Short descriptive text snippets
Segment Open

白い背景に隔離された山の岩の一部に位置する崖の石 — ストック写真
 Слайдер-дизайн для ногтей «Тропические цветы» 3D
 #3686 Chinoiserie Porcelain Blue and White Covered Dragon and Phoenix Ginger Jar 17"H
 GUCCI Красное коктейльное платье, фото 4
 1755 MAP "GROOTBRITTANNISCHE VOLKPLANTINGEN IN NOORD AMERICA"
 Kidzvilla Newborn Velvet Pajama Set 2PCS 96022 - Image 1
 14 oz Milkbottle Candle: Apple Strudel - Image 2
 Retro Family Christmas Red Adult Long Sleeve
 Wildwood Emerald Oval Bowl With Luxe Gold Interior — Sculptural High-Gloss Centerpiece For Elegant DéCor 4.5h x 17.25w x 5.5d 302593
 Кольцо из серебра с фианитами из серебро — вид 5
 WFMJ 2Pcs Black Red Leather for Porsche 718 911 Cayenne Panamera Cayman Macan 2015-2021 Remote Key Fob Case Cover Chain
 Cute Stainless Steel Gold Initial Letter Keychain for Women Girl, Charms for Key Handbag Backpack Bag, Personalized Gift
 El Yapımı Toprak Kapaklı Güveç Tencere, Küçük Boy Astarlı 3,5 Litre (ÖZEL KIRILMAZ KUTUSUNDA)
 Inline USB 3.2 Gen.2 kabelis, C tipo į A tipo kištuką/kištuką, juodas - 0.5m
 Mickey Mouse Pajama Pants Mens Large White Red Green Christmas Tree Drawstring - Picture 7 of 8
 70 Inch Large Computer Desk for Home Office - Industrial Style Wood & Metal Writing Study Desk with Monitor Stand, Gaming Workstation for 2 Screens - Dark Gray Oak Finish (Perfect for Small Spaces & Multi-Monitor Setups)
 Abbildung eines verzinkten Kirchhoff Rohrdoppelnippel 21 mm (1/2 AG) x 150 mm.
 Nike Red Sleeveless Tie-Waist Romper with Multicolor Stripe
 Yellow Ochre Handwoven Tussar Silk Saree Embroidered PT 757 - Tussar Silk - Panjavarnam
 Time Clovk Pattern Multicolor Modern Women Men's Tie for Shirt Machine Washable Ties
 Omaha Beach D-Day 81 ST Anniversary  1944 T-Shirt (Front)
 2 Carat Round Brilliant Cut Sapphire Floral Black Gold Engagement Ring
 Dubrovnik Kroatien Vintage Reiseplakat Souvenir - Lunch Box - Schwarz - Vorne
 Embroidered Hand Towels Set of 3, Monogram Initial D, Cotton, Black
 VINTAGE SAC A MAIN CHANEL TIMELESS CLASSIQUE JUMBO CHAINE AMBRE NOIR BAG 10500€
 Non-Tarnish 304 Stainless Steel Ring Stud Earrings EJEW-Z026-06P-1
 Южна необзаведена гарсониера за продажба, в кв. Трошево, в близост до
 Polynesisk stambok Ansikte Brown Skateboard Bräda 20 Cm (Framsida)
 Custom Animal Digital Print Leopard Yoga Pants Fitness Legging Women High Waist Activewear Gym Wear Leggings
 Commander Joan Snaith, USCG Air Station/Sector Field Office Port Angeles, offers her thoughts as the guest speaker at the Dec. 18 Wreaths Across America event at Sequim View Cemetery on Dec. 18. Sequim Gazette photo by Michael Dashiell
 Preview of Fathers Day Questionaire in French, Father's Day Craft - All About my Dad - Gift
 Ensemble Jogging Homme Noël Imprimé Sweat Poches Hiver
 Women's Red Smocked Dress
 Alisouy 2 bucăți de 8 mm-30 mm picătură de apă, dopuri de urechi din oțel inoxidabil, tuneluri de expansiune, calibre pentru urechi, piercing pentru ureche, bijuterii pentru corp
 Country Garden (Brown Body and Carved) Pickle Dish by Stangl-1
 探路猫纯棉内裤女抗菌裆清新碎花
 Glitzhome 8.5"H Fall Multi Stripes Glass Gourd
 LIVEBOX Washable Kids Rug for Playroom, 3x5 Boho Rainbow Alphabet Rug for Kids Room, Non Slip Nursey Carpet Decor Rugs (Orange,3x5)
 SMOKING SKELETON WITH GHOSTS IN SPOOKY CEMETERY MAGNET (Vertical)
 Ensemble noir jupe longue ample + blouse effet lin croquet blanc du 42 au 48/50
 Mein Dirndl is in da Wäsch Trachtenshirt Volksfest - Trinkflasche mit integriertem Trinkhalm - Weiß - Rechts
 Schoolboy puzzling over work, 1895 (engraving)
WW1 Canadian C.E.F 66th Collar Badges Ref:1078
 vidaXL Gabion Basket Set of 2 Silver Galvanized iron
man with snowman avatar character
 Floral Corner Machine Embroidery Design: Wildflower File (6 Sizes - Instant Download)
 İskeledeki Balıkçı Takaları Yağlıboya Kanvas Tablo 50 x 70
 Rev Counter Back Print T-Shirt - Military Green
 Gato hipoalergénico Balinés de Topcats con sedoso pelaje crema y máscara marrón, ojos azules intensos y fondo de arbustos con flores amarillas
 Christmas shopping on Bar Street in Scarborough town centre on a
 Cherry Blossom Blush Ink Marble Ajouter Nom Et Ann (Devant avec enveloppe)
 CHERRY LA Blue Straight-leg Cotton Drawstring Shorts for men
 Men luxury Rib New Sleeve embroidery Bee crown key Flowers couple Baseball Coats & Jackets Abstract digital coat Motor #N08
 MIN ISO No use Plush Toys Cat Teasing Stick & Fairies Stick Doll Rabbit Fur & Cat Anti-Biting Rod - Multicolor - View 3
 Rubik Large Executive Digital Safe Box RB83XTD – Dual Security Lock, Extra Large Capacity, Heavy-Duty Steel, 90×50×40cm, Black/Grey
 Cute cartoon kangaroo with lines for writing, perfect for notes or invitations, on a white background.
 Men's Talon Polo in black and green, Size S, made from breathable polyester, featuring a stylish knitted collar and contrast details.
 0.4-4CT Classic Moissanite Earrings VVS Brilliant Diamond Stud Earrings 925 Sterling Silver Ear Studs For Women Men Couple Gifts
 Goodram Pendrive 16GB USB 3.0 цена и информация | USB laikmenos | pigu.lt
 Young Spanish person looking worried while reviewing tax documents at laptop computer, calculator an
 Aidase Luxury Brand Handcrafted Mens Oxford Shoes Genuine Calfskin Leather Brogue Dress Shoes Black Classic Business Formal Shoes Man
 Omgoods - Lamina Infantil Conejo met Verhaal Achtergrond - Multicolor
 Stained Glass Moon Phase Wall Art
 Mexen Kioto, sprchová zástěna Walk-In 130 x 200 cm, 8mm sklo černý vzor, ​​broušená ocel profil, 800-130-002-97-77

Segment Closed

Exercise goal: Print again the lines of the entries above that fall between the line holding "Preview of Fathers" and the line holding "Schoolboy puzzling over", inclusive, exactly as they stand.

Exercise output:
 Preview of Fathers Day Questionaire in French, Father's Day Craft - All About my Dad - Gift
 Ensemble Jogging Homme Noël Imprimé Sweat Poches Hiver
 Women's Red Smocked Dress
 Alisouy 2 bucăți de 8 mm-30 mm picătură de apă, dopuri de urechi din oțel inoxidabil, tuneluri de expansiune, calibre pentru urechi, piercing pentru ureche, bijuterii pentru corp
 Country Garden (Brown Body and Carved) Pickle Dish by Stangl-1
 探路猫纯棉内裤女抗菌裆清新碎花
 Glitzhome 8.5"H Fall Multi Stripes Glass Gourd
 LIVEBOX Washable Kids Rug for Playroom, 3x5 Boho Rainbow Alphabet Rug for Kids Room, Non Slip Nursey Carpet Decor Rugs (Orange,3x5)
 SMOKING SKELETON WITH GHOSTS IN SPOOKY CEMETERY MAGNET (Vertical)
 Ensemble noir jupe longue ample + blouse effet lin croquet blanc du 42 au 48/50
 Mein Dirndl is in da Wäsch Trachtenshirt Volksfest - Trinkflasche mit integriertem Trinkhalm - Weiß - Rechts
 Schoolboy puzzling over work, 1895 (engraving)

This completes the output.